KUALA LUMPUR (March 8): Top Glove Corp Bhd, the world's largest rubber glove maker by volume, aims to buy at least one other glove producer this year as part of its strategy to gain market share and drive earnings, said its chairman and founder.

The Malaysian company is in talks with a number of rubber glove makers, chairman Lim Wee-Chai told Reuters in an interview.

"We are talking to companies mainly from Malaysia. When the pricing and everything is right, we can see something by the end of this year," he said at the company's headquarter in Klang just outside Kuala Lumpur.

Lim said Top Glove is well placed to make acquisitions on the back of its strong net cash position. The company held some 300 million Malaysian ringgit ($99.14 million) net cash as of Feb. 29, 2012, 16.7 percent higher than August a year earlier.

The global rubber glove industry, worth some $4.9 billion, has consolidated over the past decades, from 65 industry players controlling 45 percent of world market share in 2000 to 40 players commanding some 63 percent in 2012, according to the Malaysian Rubber Export Promotion Council.

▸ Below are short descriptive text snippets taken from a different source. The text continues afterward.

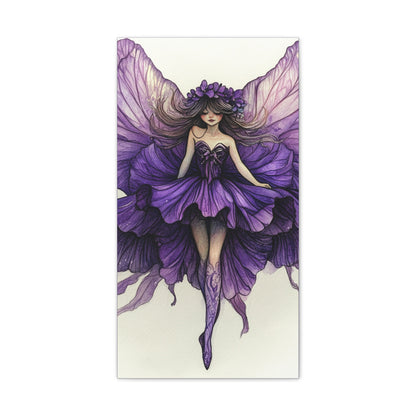 A Violet Affair - Fairies & Flowers Collection - Wall Art - on Canvas
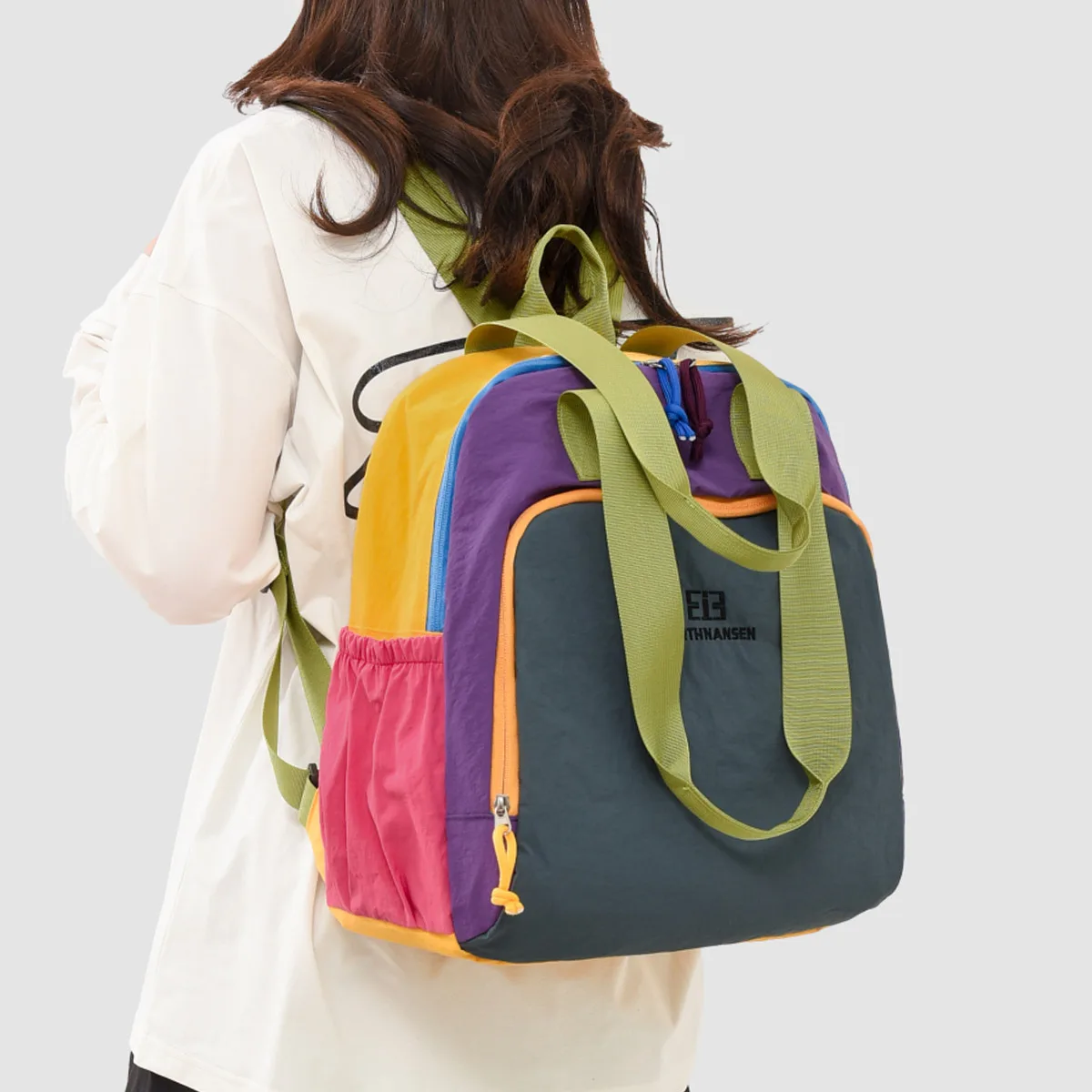 Crossbody Handbag, Color-Blocked Canvas, Men's 2026 New Original Backpack, Multi-Functional Large-Capacity Single-Shoulder Women's Tote Bag, Student Bag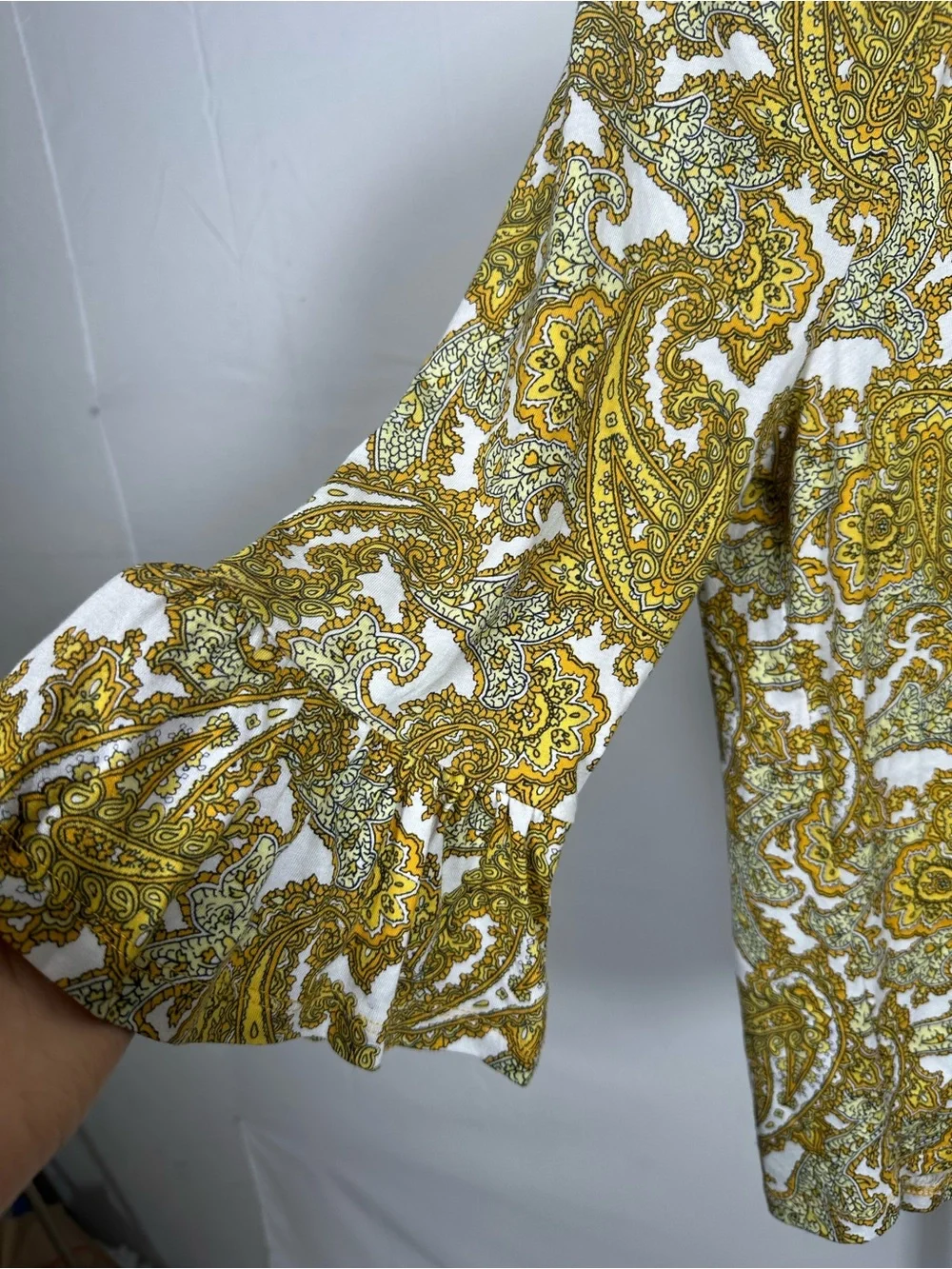 Michael Kors Paisley Bell Sleeve Top Women’s Size S Boho Cotton Modal Blouse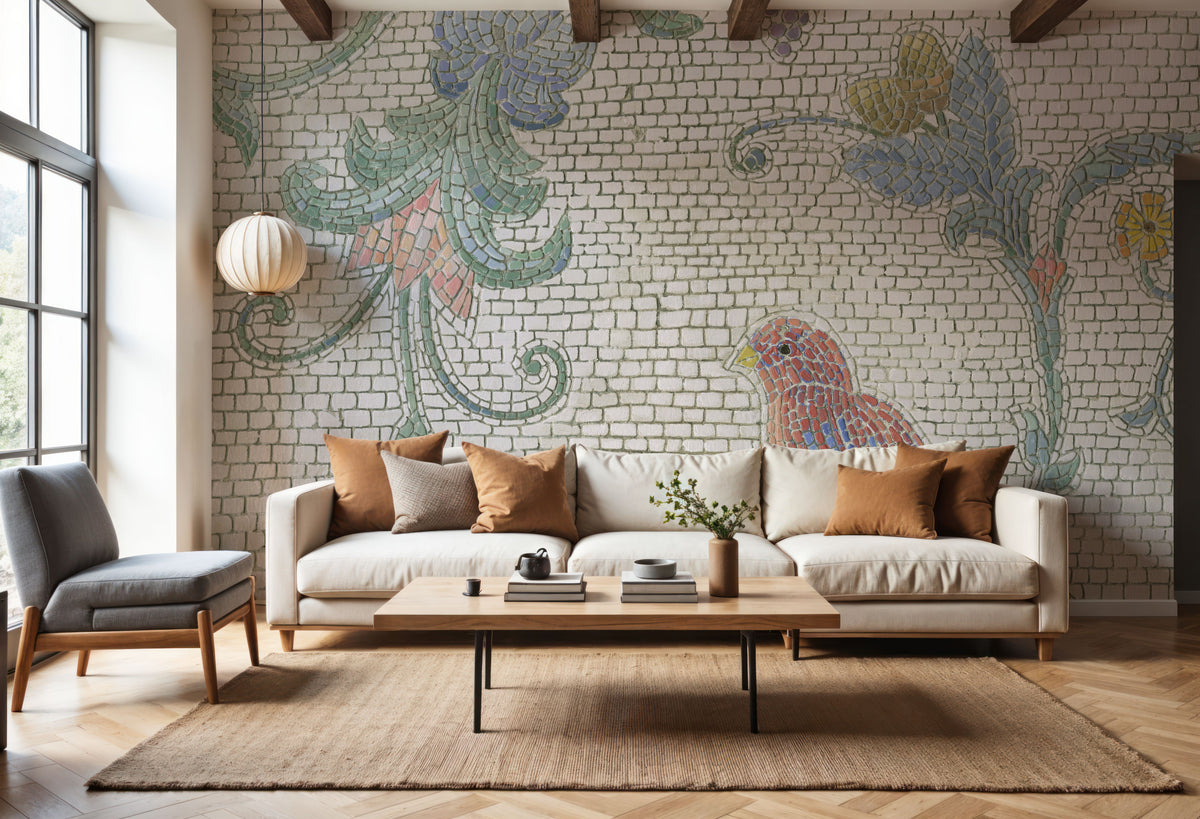 Mosaic Birds II Mural Wallpaper - room preview 03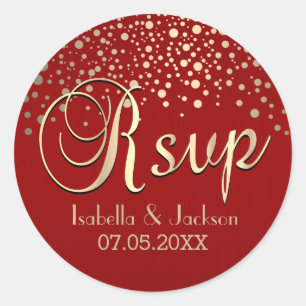 RSVP   Gold Dots and Red   Personalise Classic Round Sticker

Last year, private equity firm Navis Capital offered to buy Malaysian rubber glove maker LATEXX PARTNERS BHD [] for 852 million ringgit but the deal fell through due to disagreement on valuation.

YTY Group, the world's second-largest nitrile glove maker, followed up with a proposed 1.25 billion ringgit merger with Latexx but to no avail.

Top Glove is also working on deals to acquire rubber land in Malaysia, Indonesia and Cambodia as it tries to hedge against fluctuations in natural rubber prices, said Lim.

Profit margins for the industry declined in 2011 partly due to higher prices of latex, which makes up some 60 percent of rubber glove makers' production costs.

The latex price peaked at a record 11 ringgit per kg in early mid-February 2011. It plunged briefly in March last year after Japan's tsunami disaster, recovered, and then went on a gradual decline due to the dim global economic outlook.

The price is currently around seven to eight ringgit per kg now, where Lim expects it to stay this year.

"We foresee the global economic slowdown will ease commodity prices, but the Thai government's price support policy may boost prices in the short term," he said.

Top Glove plans to invest about 100 million ringgit this year to increase its production lines and factories, Lim said.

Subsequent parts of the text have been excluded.